Lithium Is Cheap — But Is It A Buy?
For months I watched the prices slowly tick higher.
$100… $115… $130… $145…
$30… $40… $50… $60…
And then I gave up… “Forget it. I missed this one.”
These were the prices over the last year of Albemarle (ALB) and Sociedad Química y Minera (SQM), respectively — two of the largest lithium producers in the world during a period when the price of lithium doubled.
Up until this week, I had all but given up on investing in the energy source of future tech as prices had simply run too far too fast. But that all changed over the last few weeks as oversupply concerns dropped lithium stocks down to a level not seen since September…
Last month, Morgan Stanley published a report predicting lithium prices will fall 45% by 2025, as increased supply could outweigh demand. This was just weeks after the Chilean government opened the doors to new competition in the country (Chile is the world’s second-largest lithium producer, behind Australia), which coupled together sent the big players spiraling…
- Albemarle down 30% from highs
- SQM down 24% from highs
- FMC Corp. down 20% from highs.
If the report is accurate, this sort of fall is rightfully deserved. After all, these companies’ stock prices have gone virtually straight up on lower supply and higher demand expectations.
However, as expected, lithium producer executives are not lying down without a fight, which leads me to believe that prices now could have fallen too far too fast.
Here’s what Ken Brinsden, CEO of Australian miner Pilbara Minerals, said at a mining conference in Florida last week:
I am firmly of the view that everyone, including Morgan Stanley, is grossly underestimating how quickly the market is moving on the demand side.

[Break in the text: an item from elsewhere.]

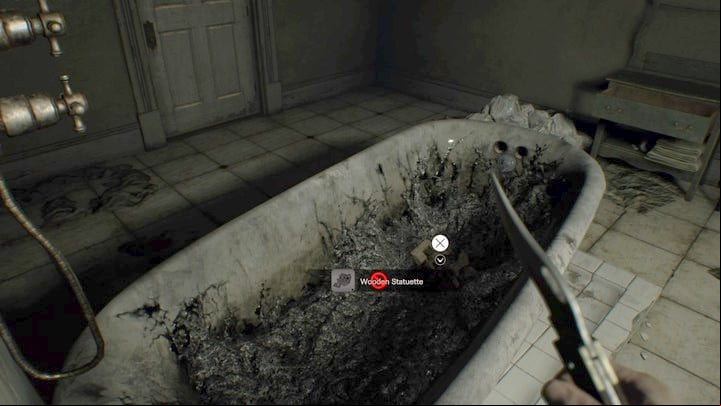 Now, proceed through the hall to enter the first floor and cross through the open door to the left - Resident Evil 7: Main House: Main Hall walktrough - Resident Evil VII Walkthrough - Resident Evil 7 Guide, Walkthrough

And here’s Luke Kissam, CEO of Albemarle, during their Q4 conference call (days after the Morgan Stanley report) speaking about demand:
So back during the Investor Day, our models were looking at incremental [lithium] growth over the next five years at about 35,000 metric tons per year. And our new demand models suggest about 70,000 metric tons per year over the next five years on average.
That’s right. The second-largest lithium producer in the world just doubled its demand forecast. And they didn’t stop there.
Here’s Luke’s response later in the call to a supply question from Vincent Andrews, the Morgan Stanley analyst who wrote the negative report:
We believe that the market is going to remain tight… If you’ve read the articles in the press about the automobile-makers and the OEMs trying to go directly to grab lithium, that tells you the automakers believe that the market is going to be tight… So what the supply chain is telling us, what the customers are telling us and what we believe is that this market is going to remain tight for the foreseeable future.
Altogether, it now seems very possible the market fell too far too fast on this seemingly overblown supply-side news — which for us presents a buying opportunity.
Now, keep in mind, when an industry is out of favor, it can stay that way for a long time. And right now the lithium industry is definitely out of favor.
So right now I’d be a buyer of the big lithium producers as long-term investments.
Don’t expect the sentiment to turn overnight. But know that lithium will play a major role in our future, and this “blip” could be your last chance to cash in before you’re like me, saying, “Forget it. I missed this one.”